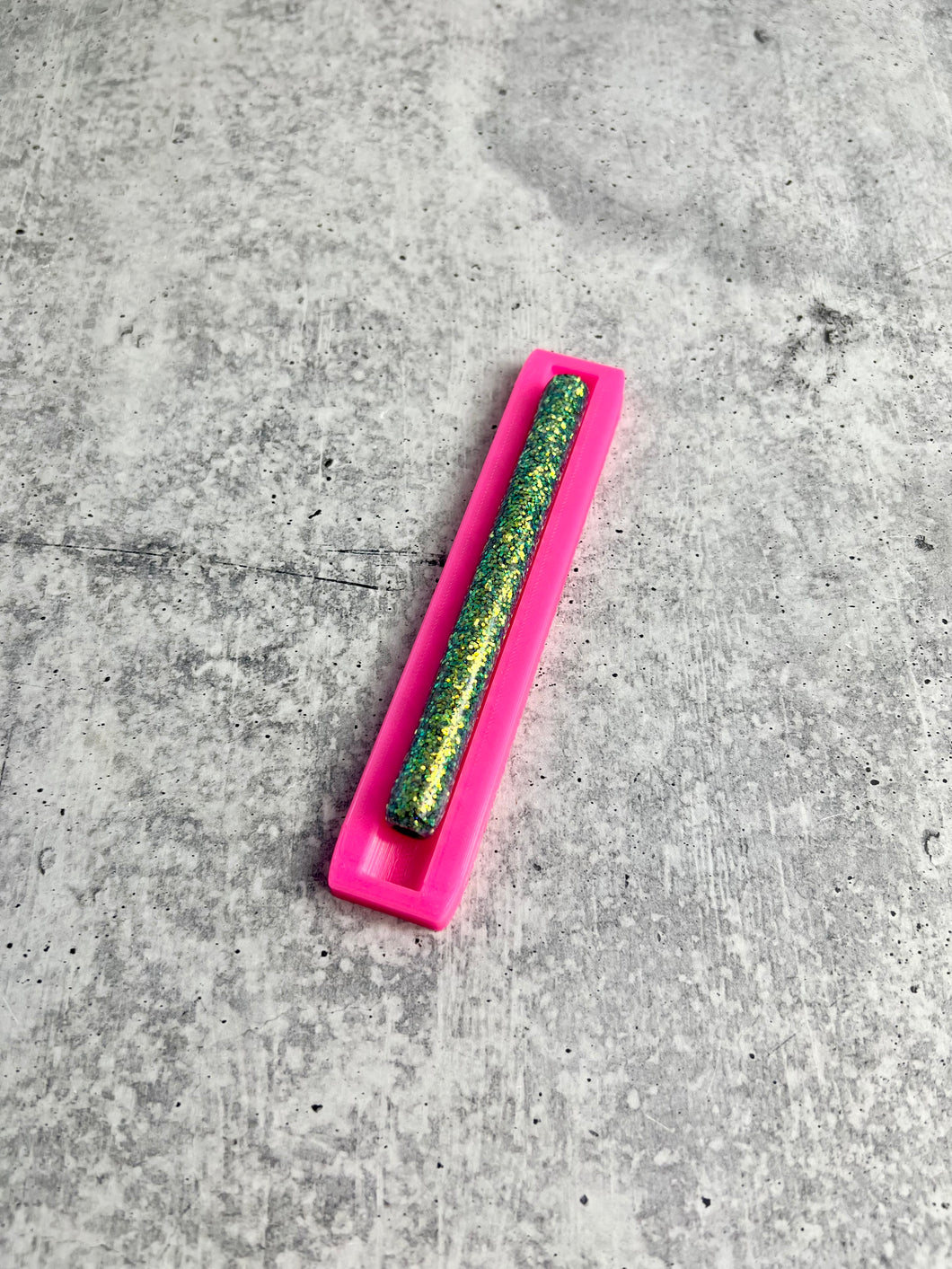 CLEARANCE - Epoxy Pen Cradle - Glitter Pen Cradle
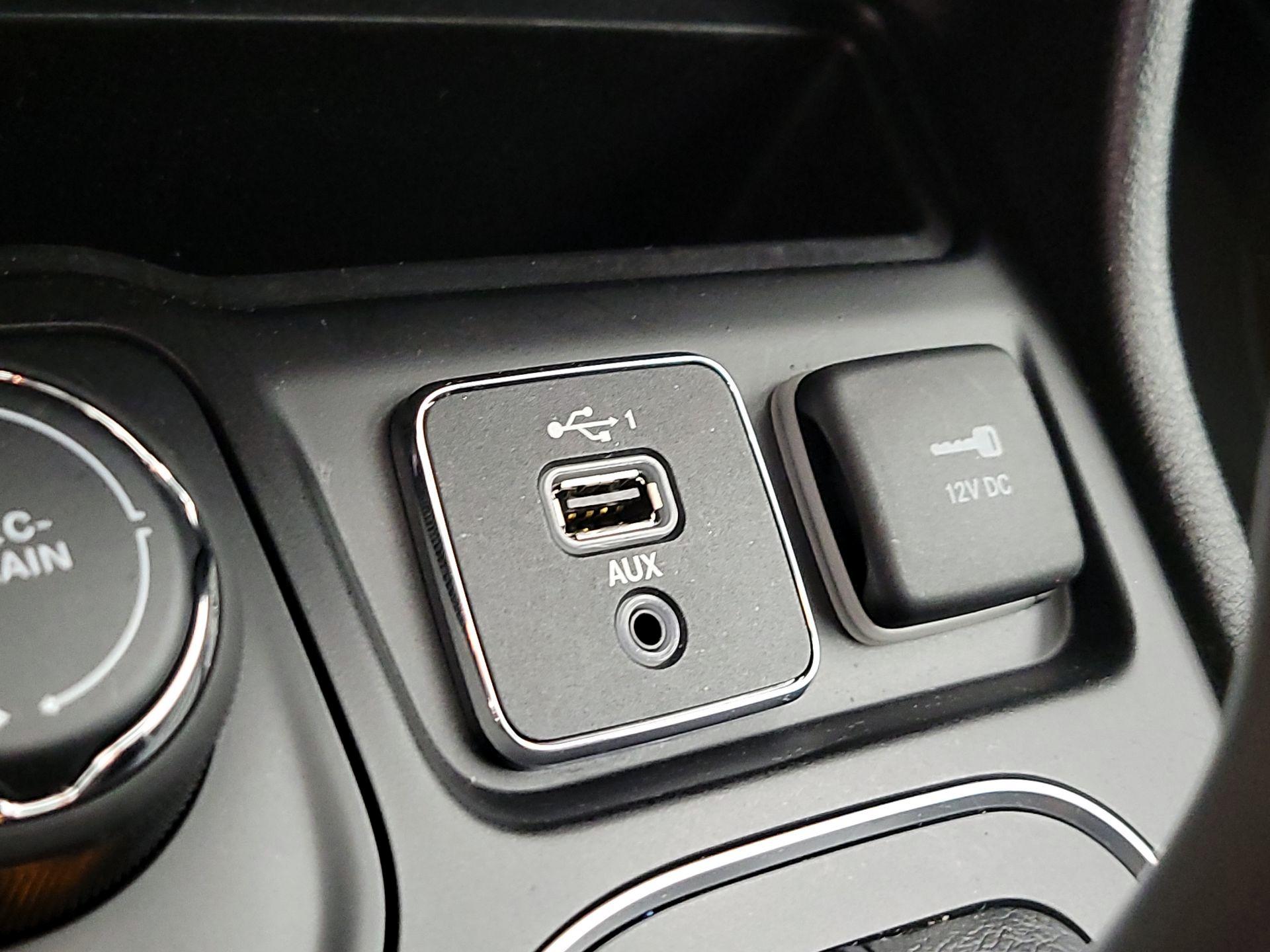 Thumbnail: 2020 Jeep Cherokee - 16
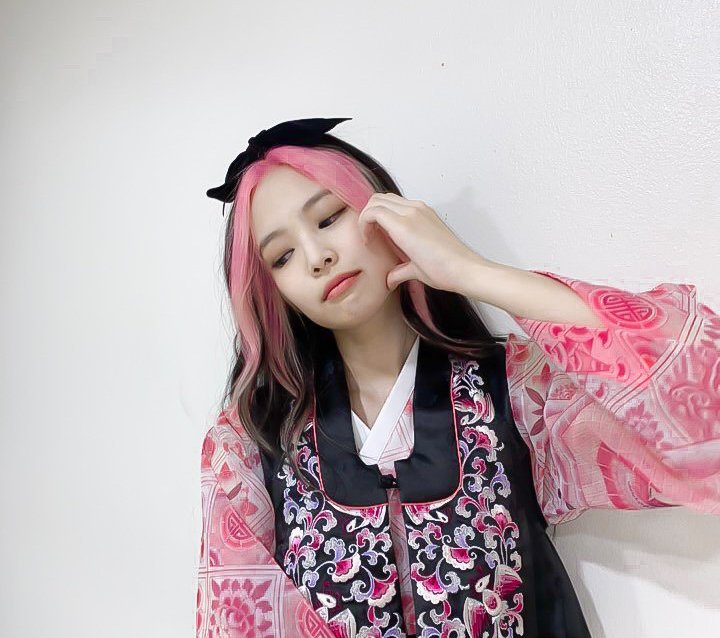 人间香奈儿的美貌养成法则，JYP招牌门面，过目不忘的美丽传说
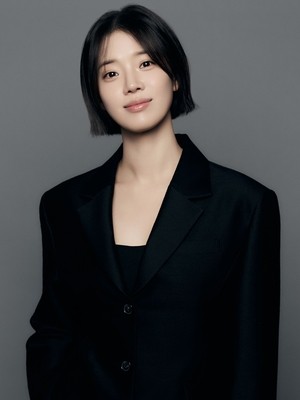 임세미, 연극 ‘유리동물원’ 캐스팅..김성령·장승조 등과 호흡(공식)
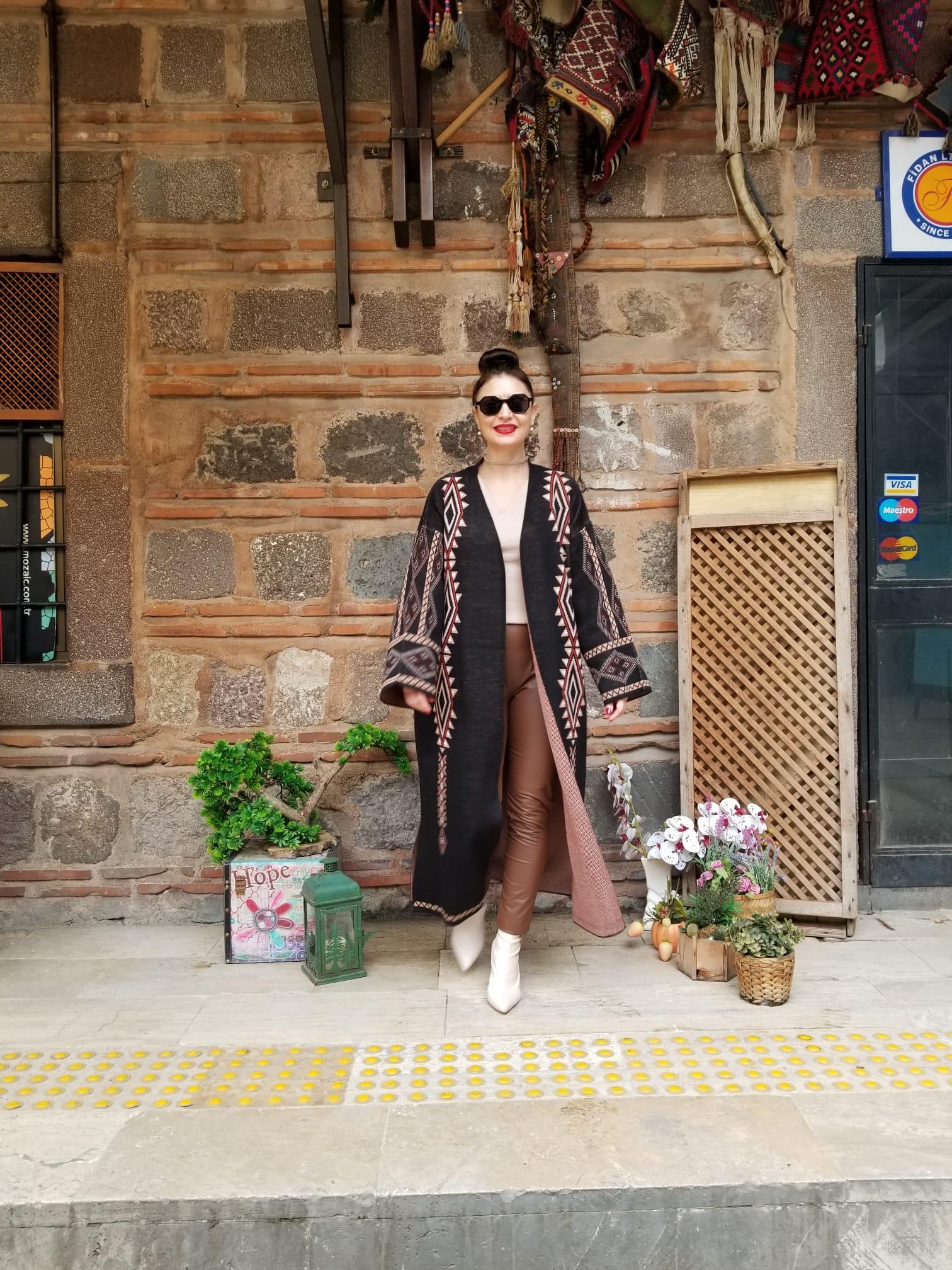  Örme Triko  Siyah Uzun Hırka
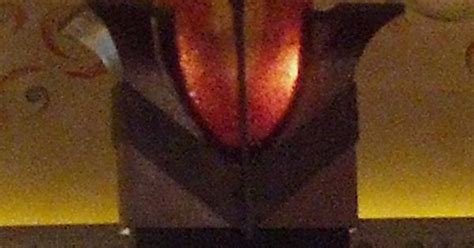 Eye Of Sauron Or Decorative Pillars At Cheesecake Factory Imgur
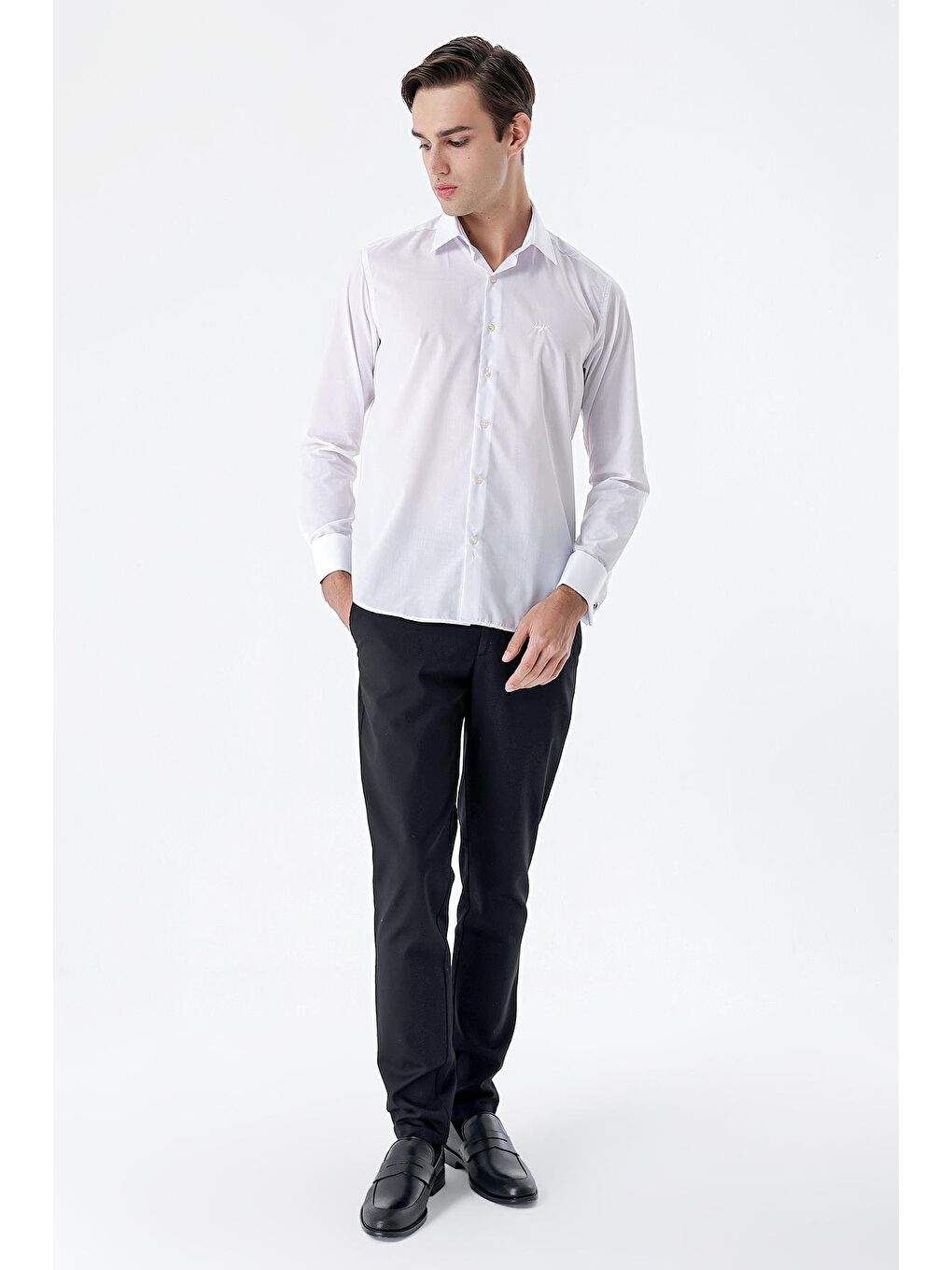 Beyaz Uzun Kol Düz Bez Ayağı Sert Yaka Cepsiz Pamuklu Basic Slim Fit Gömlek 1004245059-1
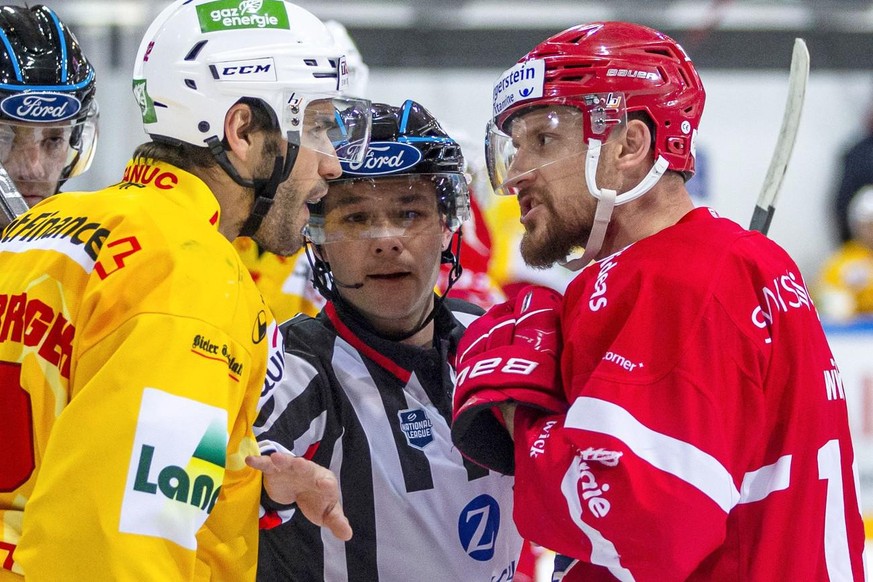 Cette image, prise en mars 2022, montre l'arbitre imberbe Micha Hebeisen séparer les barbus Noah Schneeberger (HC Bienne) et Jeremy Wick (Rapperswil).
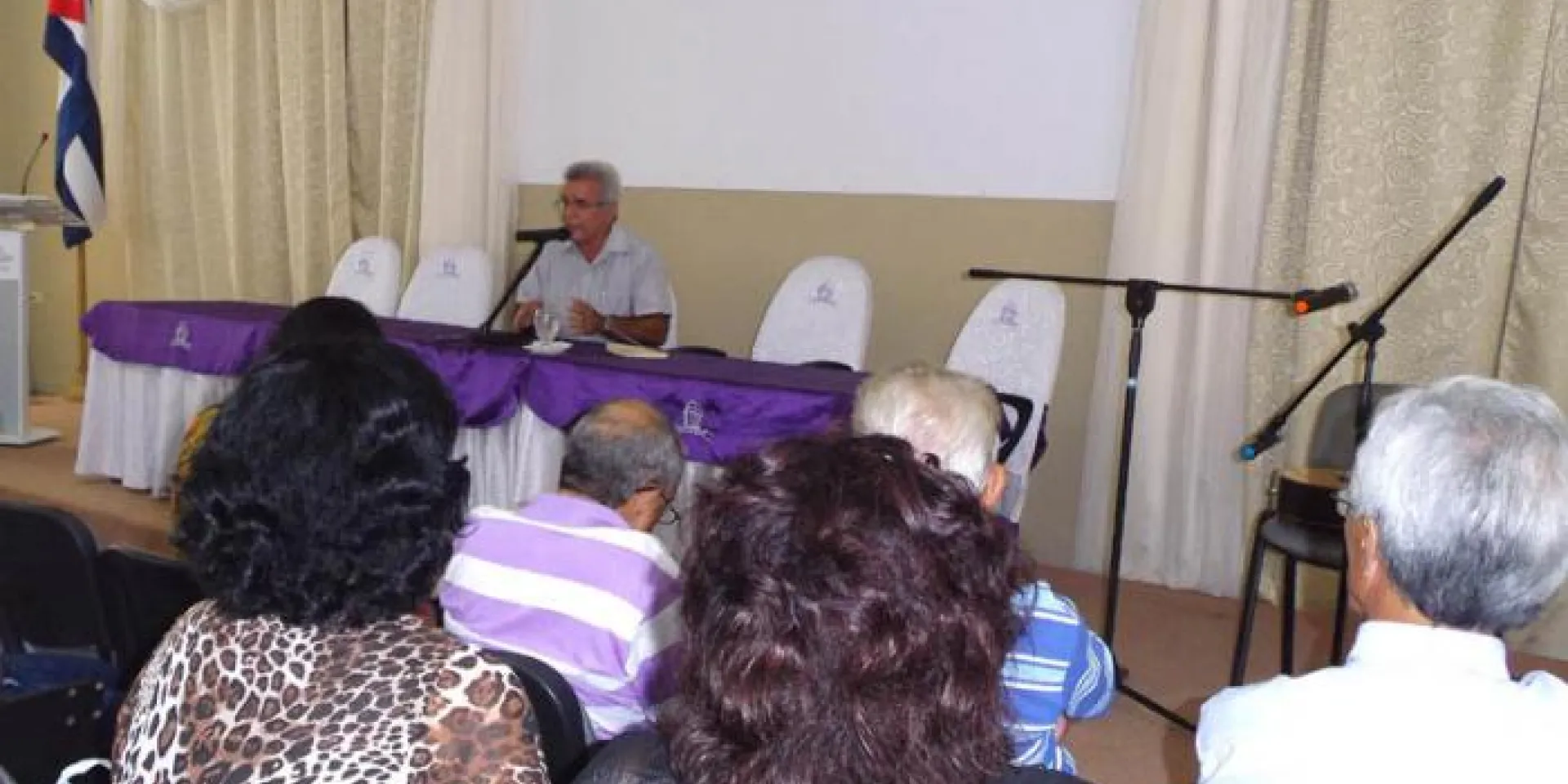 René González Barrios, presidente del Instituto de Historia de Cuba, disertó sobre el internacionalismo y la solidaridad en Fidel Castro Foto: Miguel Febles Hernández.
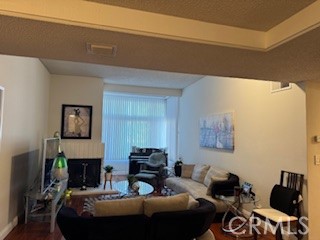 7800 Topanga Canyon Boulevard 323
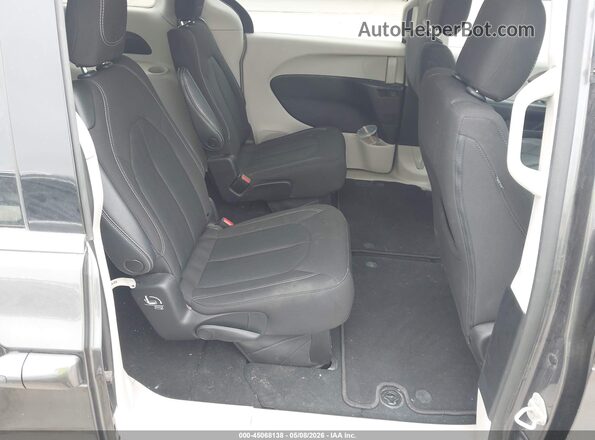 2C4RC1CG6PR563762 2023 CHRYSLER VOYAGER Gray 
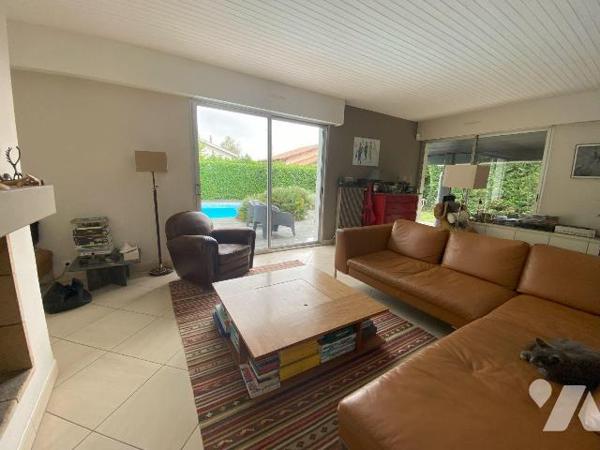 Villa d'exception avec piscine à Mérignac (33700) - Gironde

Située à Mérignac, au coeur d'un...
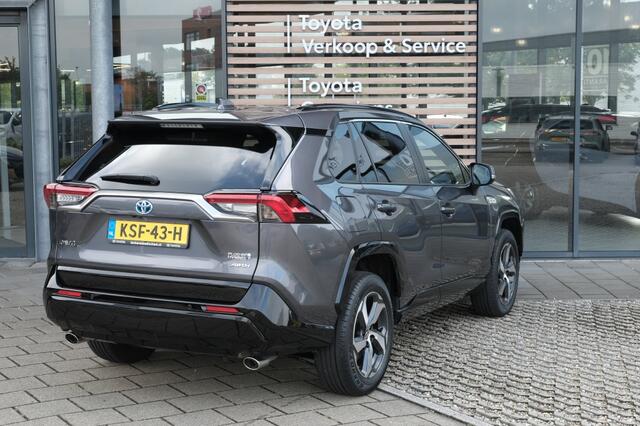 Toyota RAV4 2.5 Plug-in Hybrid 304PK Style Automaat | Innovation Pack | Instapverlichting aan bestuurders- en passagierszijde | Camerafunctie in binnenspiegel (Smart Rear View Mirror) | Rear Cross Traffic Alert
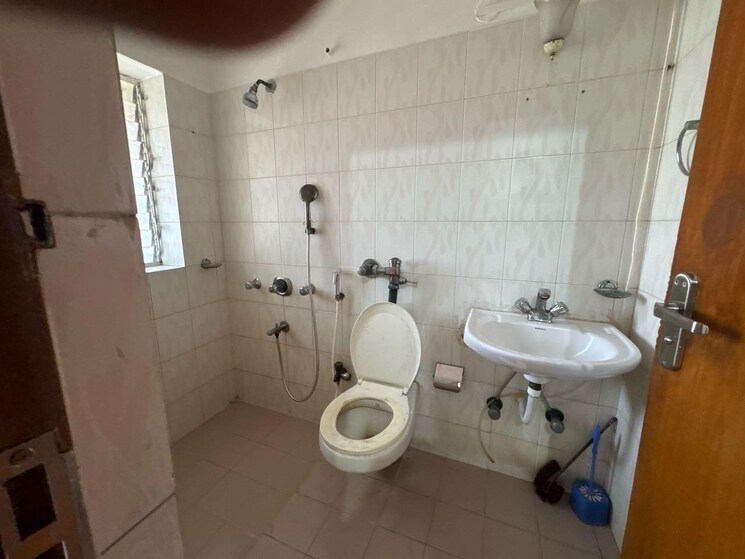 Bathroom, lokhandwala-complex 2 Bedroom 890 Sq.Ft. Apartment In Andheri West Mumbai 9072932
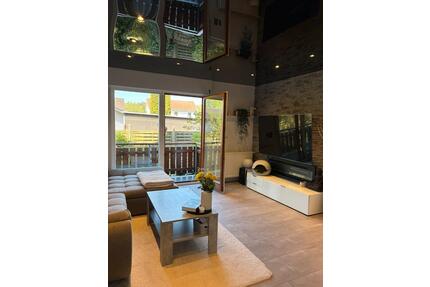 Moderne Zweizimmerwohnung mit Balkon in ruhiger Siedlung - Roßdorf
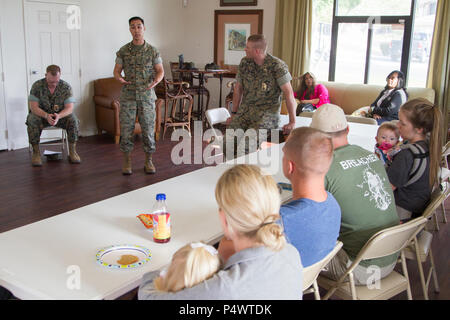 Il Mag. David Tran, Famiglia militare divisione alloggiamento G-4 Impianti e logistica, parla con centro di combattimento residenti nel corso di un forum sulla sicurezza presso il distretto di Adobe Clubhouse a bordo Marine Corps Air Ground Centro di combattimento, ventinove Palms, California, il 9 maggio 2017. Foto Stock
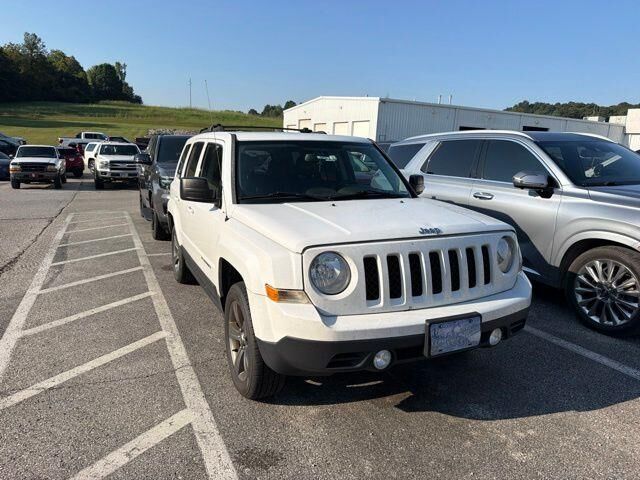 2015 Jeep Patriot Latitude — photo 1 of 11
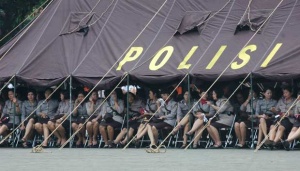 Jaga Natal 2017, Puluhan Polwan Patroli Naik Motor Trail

☆ ☆ ☆ ☆ ☆

### ASSIGNED TASK
Copy out every line of the material above exactly, skipping the pictures.

### REPLY
 CLEARANCE - Epoxy Pen Cradle - Glitter Pen Cradle
 Thumbnail: 2020 Jeep Cherokee - 16
 人间香奈儿的美貌养成法则，JYP招牌门面，过目不忘的美丽传说
 임세미, 연극 ‘유리동물원’ 캐스팅..김성령·장승조 등과 호흡(공식)
  Örme Triko  Siyah Uzun Hırka
 Eye Of Sauron Or Decorative Pillars At Cheesecake Factory Imgur
 Beyaz Uzun Kol Düz Bez Ayağı Sert Yaka Cepsiz Pamuklu Basic Slim Fit Gömlek 1004245059-1
 Cette image, prise en mars 2022, montre l'arbitre imberbe Micha Hebeisen séparer les barbus Noah Schneeberger (HC Bienne) et Jeremy Wick (Rapperswil).
 René González Barrios, presidente del Instituto de Historia de Cuba, disertó sobre el internacionalismo y la solidaridad en Fidel Castro Foto: Miguel Febles Hernández.
 7800 Topanga Canyon Boulevard 323
 2C4RC1CG6PR563762 2023 CHRYSLER VOYAGER Gray 
 Villa d'exception avec piscine à Mérignac (33700) - Gironde

Située à Mérignac, au coeur d'un...
 Toyota RAV4 2.5 Plug-in Hybrid 304PK Style Automaat | Innovation Pack | Instapverlichting aan bestuurders- en passagierszijde | Camerafunctie in binnenspiegel (Smart Rear View Mirror) | Rear Cross Traffic Alert
 Bathroom, lokhandwala-complex 2 Bedroom 890 Sq.Ft. Apartment In Andheri West Mumbai 9072932
 Moderne Zweizimmerwohnung mit Balkon in ruhiger Siedlung - Roßdorf
 Il Mag. David Tran, Famiglia militare divisione alloggiamento G-4 Impianti e logistica, parla con centro di combattimento residenti nel corso di un forum sulla sicurezza presso il distretto di Adobe Clubhouse a bordo Marine Corps Air Ground Centro di combattimento, ventinove Palms, California, il 9 maggio 2017. Foto Stock
 2015 Jeep Patriot Latitude — photo 1 of 11
 Jaga Natal 2017, Puluhan Polwan Patroli Naik Motor Trail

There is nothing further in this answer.